Saturday, July 5, 2008

Hands-on Assignment: Week 3

Videogame Demographics and Options at College Library:

Marlon Heimerl

College Library turned out to be the go-to source among Wendt Library and the Union South on this fine Saturday afternoon. The latter two must have been closed on account of the holiday weekend. Nonetheless and ergo, this hands-on assessment will recount a journey that took me to the farthest reaches of campus (ok, so it isn’t that far from my house to get to College Library), wherein I discovered much about the excess of games that make their home at the educational utopia that is College library (no, really, it’s alright though).

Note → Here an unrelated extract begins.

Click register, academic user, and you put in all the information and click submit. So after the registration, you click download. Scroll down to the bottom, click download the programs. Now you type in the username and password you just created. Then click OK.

I have categorized the games based on a number of earmarked differences that look into whether the games are ‘sports’ related, ‘fantasy’ or ‘racing’ related, or whether they are what one could consider for ‘all ages’ (along with all other game rating’s according to the same criteria), or ‘war’ based games (or ‘first-person shooter’ games, including the genre of ‘survival horror’), all encompassed by the larger category of ‘violent games’ (that could, in all reality, be considered in the assessment of virtually every game category herein assessed, depending on ones definition of ‘violence’).

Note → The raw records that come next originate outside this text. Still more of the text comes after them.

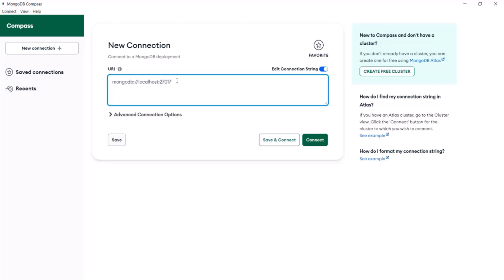If your MongoDB database is hosted on some remote server, you can provide the connection string for that remote server here. But here, using MongoDB Compass, we want to connect to our local installation of the MongoDB server. For the local installation, the connection string is localhost colon 27017, which is always the default port number.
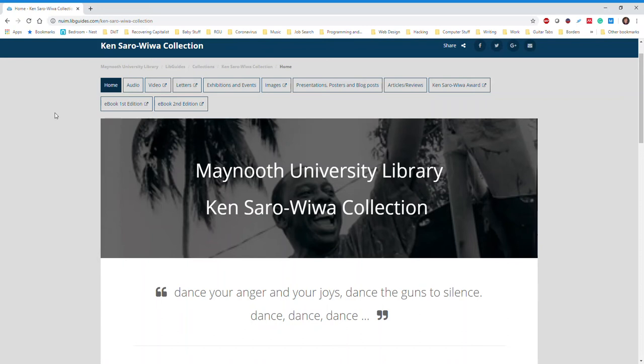We the Ogoni people were specks against the giant rock face of Nigeria's military-industrial complex and until the 1990s, few outside the Niger Delta region knew who we were. Yet my father brought our environmental problems to the planet's consciousness through persistence and a belief that justice will eventually prevail when pursued peacefully.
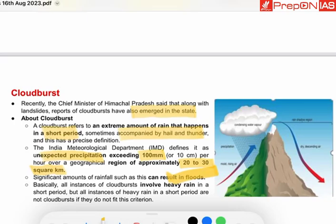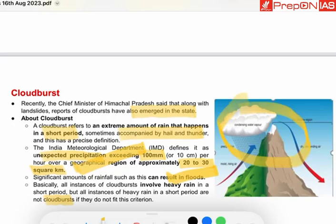All instances of cloudburst involve heavy rain in a short period, but not all instances of heavy rain in a short period are cloudbursts. A cloudburst only occurs when it particularly satisfies that definition. We can understand cloudbursts from this particular diagram as well.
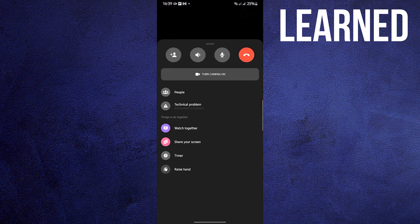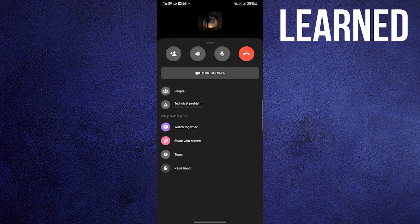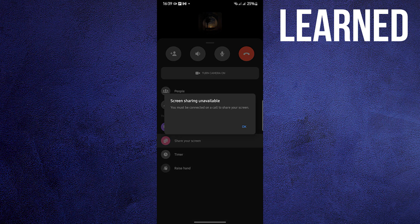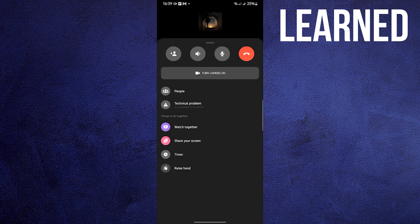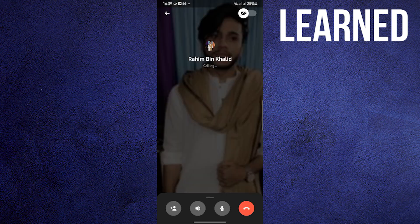Now go to a video call. Wait for him to answer. Now tap on share your screen. Once the person answers, the video that you're going to be watching shall have audio in it.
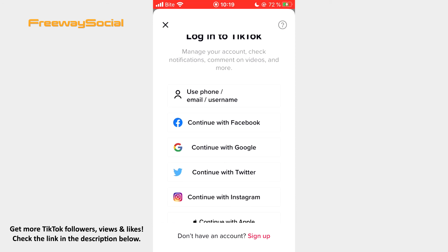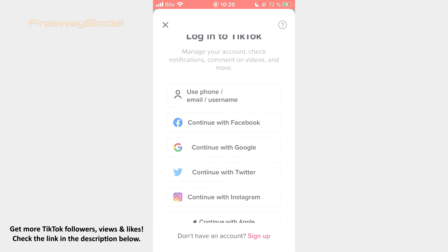That's it! I hope this guide was helpful and you were able to add multiple accounts on TikTok. Don't forget to like this video and visit us at FreewaySocial.com.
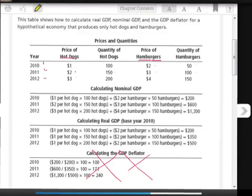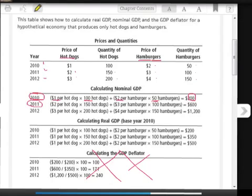In 2012, the price of hot dogs continued to go up to $3 and the quantity continued to go up to 200. The price of hamburgers went up to $4 and the quantity went up to 150. Now we're going to calculate the nominal GDP. The nominal GDP is the most simple, straightforward calculation of GDP — we use the price in that year and the quantity in that year. For 2010, that's $1 times 100 hot dogs plus $2 times 50 hamburgers, for a total of $200. In 2011, $2 times 150 hot dogs plus $3 times 100 hamburgers gives a total of $600.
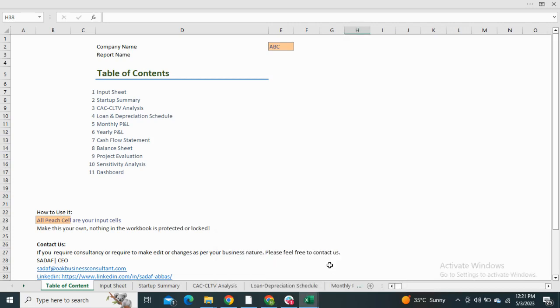The Hog Business Consultants are back with another financial model, which is a fintech financial model. This model will assist fintech service providers to evaluate, forecast, and visualize your financial performance. Starting with the table of contents, it includes the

Sports Games offered by College Library:

NBA Live ’08 (PS3 & Xbox 360), College Hoops (NCAA) 2K8 (PS3), NCAA ’08 Football (Xbox 360), Major League Baseball 2K8 (Xbox 360), Wii Fit (Wii), Hotshots Golf (Wii), NHL ’08 (PS3 & Xbox 360), and PES 2008 (Xbox 360), Summer Sports Wii (Wii), provisional game titles: Smack Down vs. Raw 2008, Tony Hawk’s: Proving Grounds,’ and Pinball Hall of Fame (Wii)accepting that in terms of this assessment, professional wrestling and skateboarding will be called sports).

Total: (≈12 games)

*Note: Though Wii sometimes represents a challenge for categorizing its games along with other systems—due to its uniqueness of style, sometimes befuddled graphics and strange controls—Wii will still be considered on an equal field of assessment, especially because its range of games vary from family oriented titles such as Summer Sports Wii to grotesqueries such as Resident Evil, House of the Dead, and the Godfather; demonstrating a range of both violence and nonviolence like any other system considering its game options.

Racing Games: are subcategorized because racing in certain contexts is for sport: Burnout Paradise (PS3), Motorstorm (PS3)

Total: (≈14 ‘sports games or two ‘racing games’)

Fantasy Games offered by College Library:

The Elder Scrolls IV: Oblivion (Xbox 360), Dark Sector (PS3), and Night’s: Journey of Dreams (Wii). [And a subcategory]

Adolescent/Youth Fantasy: Castle of Shikigami III (Wii), Folklore (PS3), Star Wars Lego (Wii), Pet 2 Dogs 2 [contestable] (Wii), Viva PiƱata (Xbox 360), Blue Dragon (Wii); Super Donkey Ball: Banana Blitz (Wii)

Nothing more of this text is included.